▶ _TASK INSTRUCTIONS_: Begin at the line containing "459 Gold Ridge Road" and restate it and each line after it exactly, up to and including the last line below. Leave pictures out.

▶ _EXCERPTED RECORDS_:
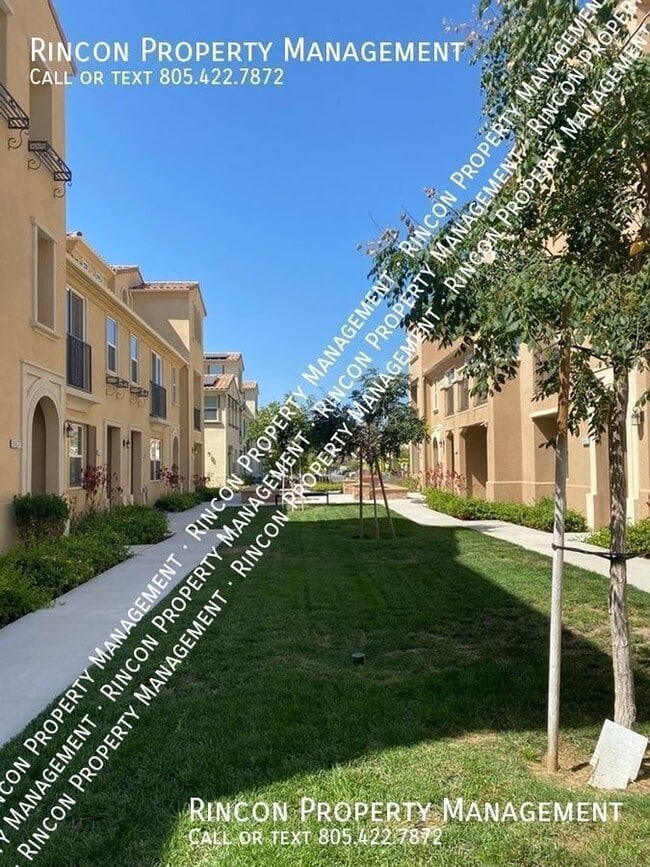 Building Photo - Gorgeous Teso Robles Townhome--Camarillo *...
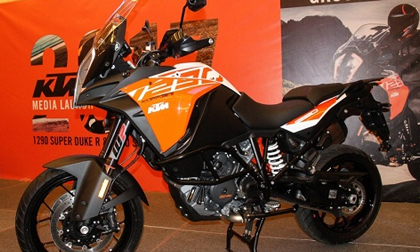 KTM 1290 Super Adventure S và 1290 Super Duke R ra mắt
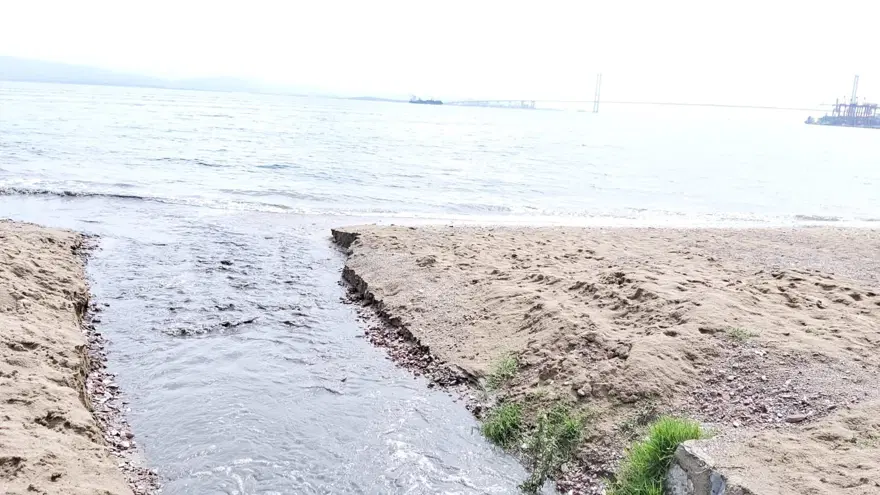 Kömür tozları yağmurla dereye aktı, İzmit Körfezi karardı 8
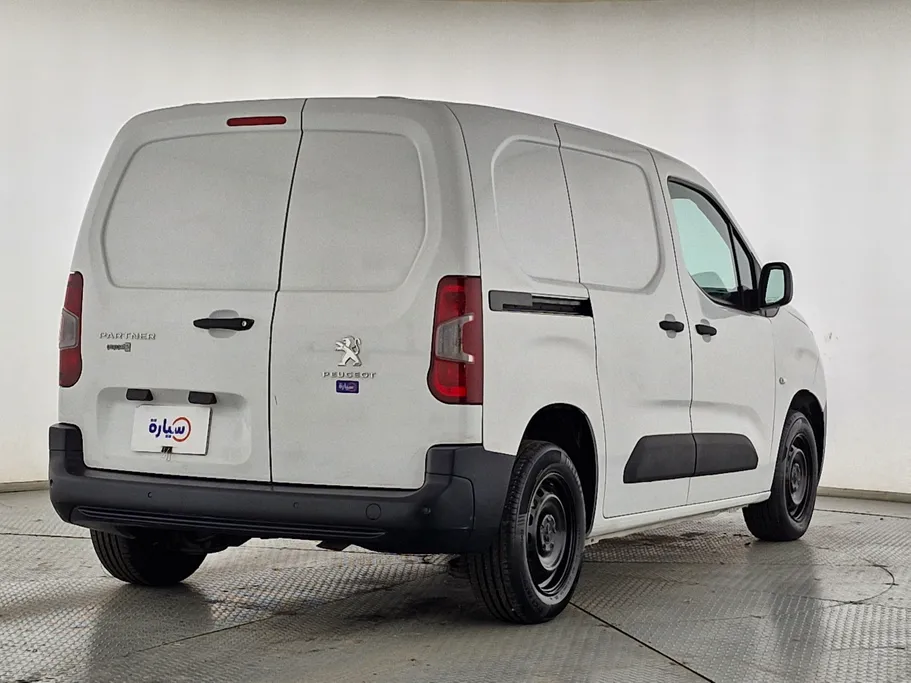 2022 Peugeot Partner Short van 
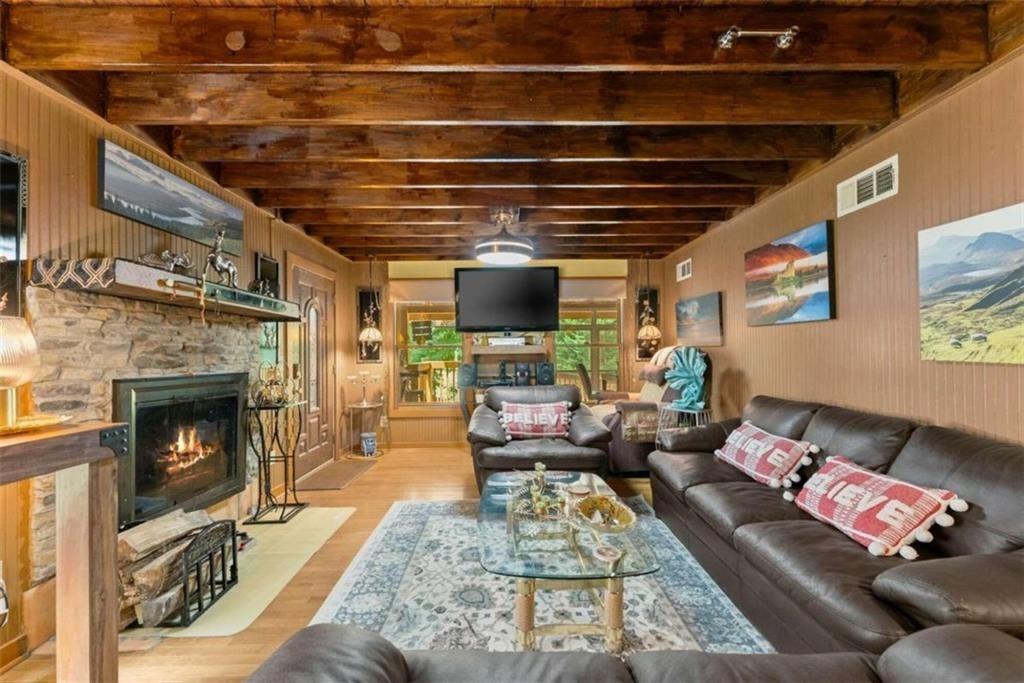 459 Gold Ridge Road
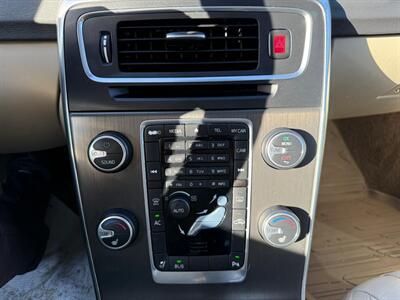 2014 Volvo S60 T6   - Photo 12 - Edmonton, AB T5S 2X1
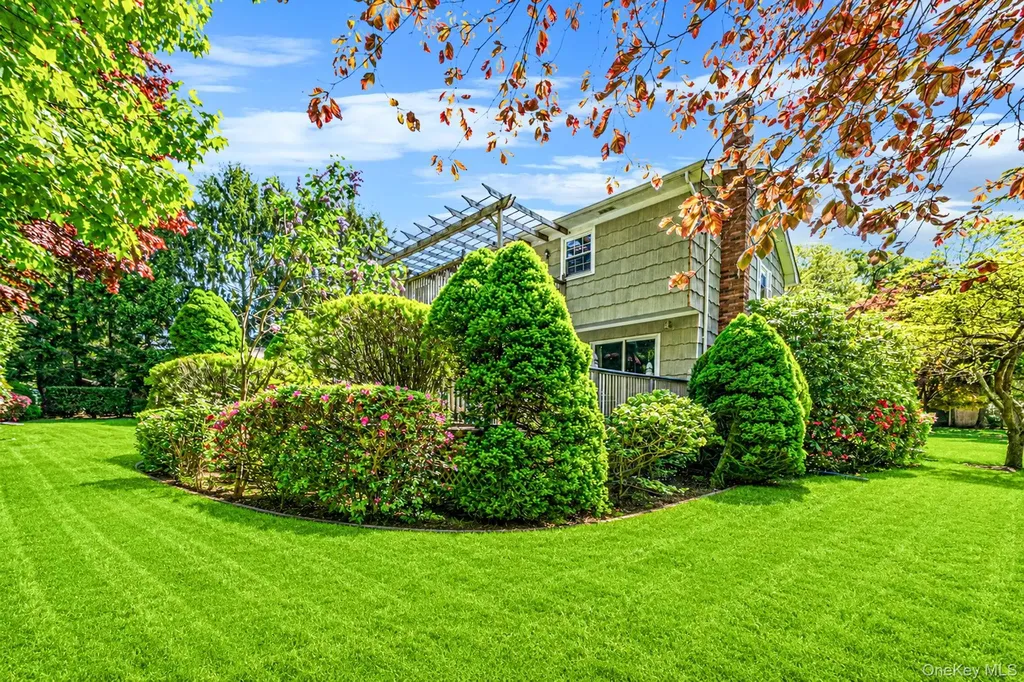 2 Rainbow Lane East Moriches NY 11940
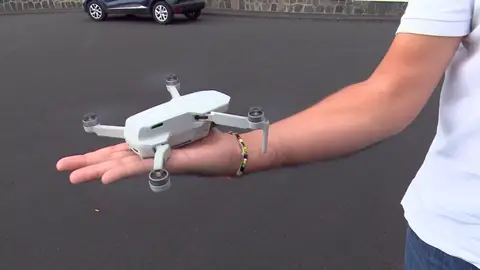 Un vecino de La Palma, denunciado por sobrevolar el volcán con su dron Un vecino de La Palma, denunciado por sobrevolar el volcán con su dron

▶ _PROBLEM SOLUTION_:
 459 Gold Ridge Road
 2014 Volvo S60 T6   - Photo 12 - Edmonton, AB T5S 2X1
 2 Rainbow Lane East Moriches NY 11940
 Un vecino de La Palma, denunciado por sobrevolar el volcán con su dron Un vecino de La Palma, denunciado por sobrevolar el volcán con su dron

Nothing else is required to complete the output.